Eine wirksame Zielseite zählt nicht wahllos sämtliche Vorteile des Unternehmens auf. Sie konzentriert sich auf die Fragen und Wechselmotive der jeweiligen Zielgruppe. Ein klares Employer Branding hilft dabei, Arbeitgeberstärken konsistent zu kommunizieren und von austauschbaren Aussagen über Team und Unternehmenskultur wegzukommen.
 
Für gewerbliche Fachkräfte können beispielsweise Schichtmodell, Fahrtweg, Ausstattung und Überstundenregelung wichtig sein. Führungskräfte interessieren sich möglicherweise stärker für Gestaltungsspielraum, Verantwortungsumfang und strategische Perspektiven.
 

Vertrauen aufbauen

Vertrauen entsteht durch konkrete und nachvollziehbare Informationen, zum Beispiel:

  • authentische Fotos aus dem Unternehmen,
  • Aussagen von Mitarbeitern,
  • klare Ansprechpartner,
  • transparente Prozessschritte,
  • konkrete Beschreibung der Einarbeitung,
  • realistische Darstellung des Arbeitsalltags,
  • nachvollziehbare Arbeitgebervorteile.
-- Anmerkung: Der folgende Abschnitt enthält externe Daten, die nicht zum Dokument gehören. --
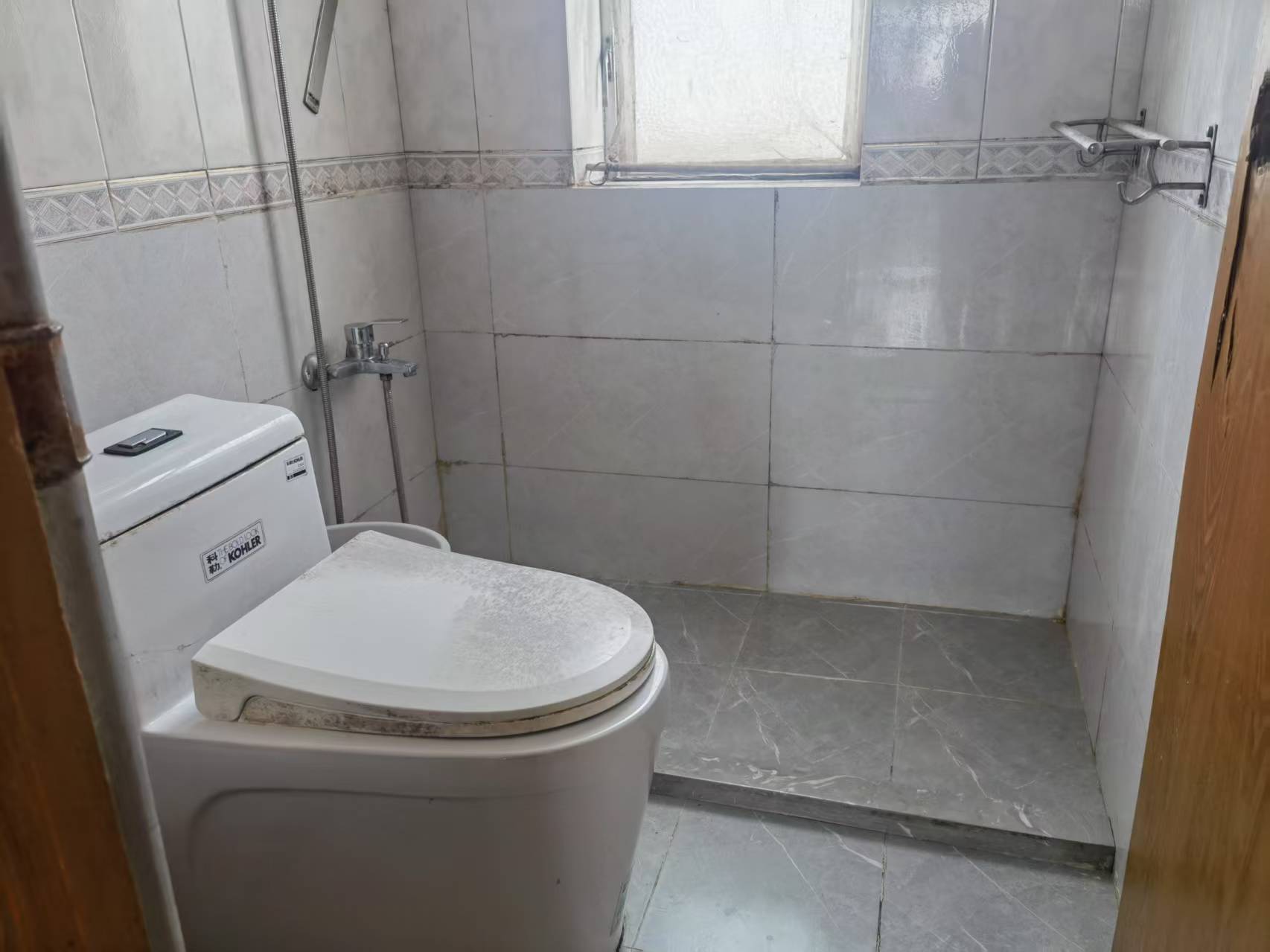 光明东村 3室1厅1卫 79m&sup2;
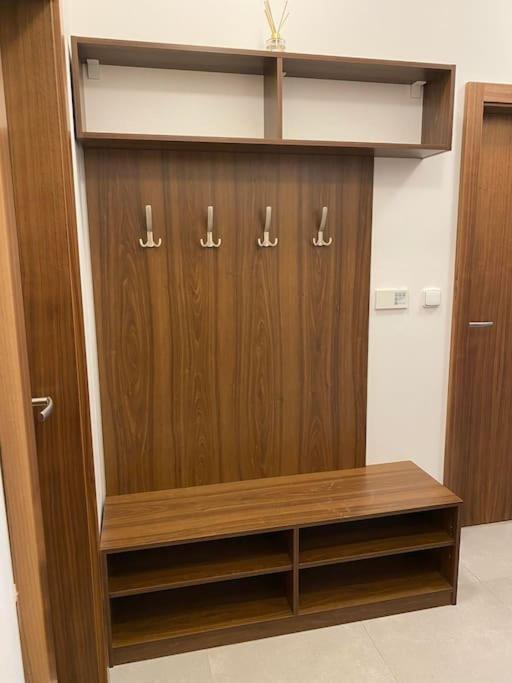 Spacious 2br 6min From Castle! *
Allgemeine Aussagen wie „tolles Team“ oder „attraktiver Arbeitgeber“ reichen dafür selten aus.
 

4. Start des Bewerbungsprozesses

Der Übergang von der Information zur Bewerbung ist eine besonders sensible Stelle im Recruiting-Funnel.
 
Interessierte wägen ab:

  • Lohnt es sich, meine Daten anzugeben?
  • Wie lange wird die Bewerbung dauern?
  • Benötige ich einen Lebenslauf oder ein Anschreiben?
  • Ist die Kontaktaufnahme bereits eine verbindliche Bewerbung?
  • Kann ich mich bequem über das Smartphone bewerben?
  • Was passiert mit meinen Angaben?
  • Wann erhalte ich eine Rückmeldung?

Der Call-to-Action sollte deshalb klar formuliert sein. Mögliche Varianten sind:

  • Jetzt unverbindlich bewerben
  • In wenigen Minuten Interesse zeigen
  • Ohne Anschreiben Kontakt aufnehmen
  • Rückruf zur Stelle anfordern
  • Schnellbewerbung starten

Welche Formulierung geeignet ist, hängt von der Zielgruppe und vom tatsächlichen Prozess ab.
 

Reibung reduzieren

Der Einstieg wird erleichtert durch:

  • wenige verpflichtende Angaben,
  • verständliche Fragen,
  • klare Fortschrittsanzeige,
  • mobile Bedienbarkeit,
  • Verzicht auf unnötige Dokumente,
  • transparente Erklärung der nächsten Schritte,
  • eine erkennbare Möglichkeit zum Abbruch oder Zurückgehen.

5. Bewerbung und Vorqualifizierung

Ein kurzer Bewerbungsprozess senkt die Einstiegshürde. Gleichzeitig benötigt das Unternehmen genügend Informationen, um passende Kandidaten zu erkennen.

Ein Mobile Recruiting Funnel löst diese Aufgabe häufig über wenige, stellenrelevante Fragen.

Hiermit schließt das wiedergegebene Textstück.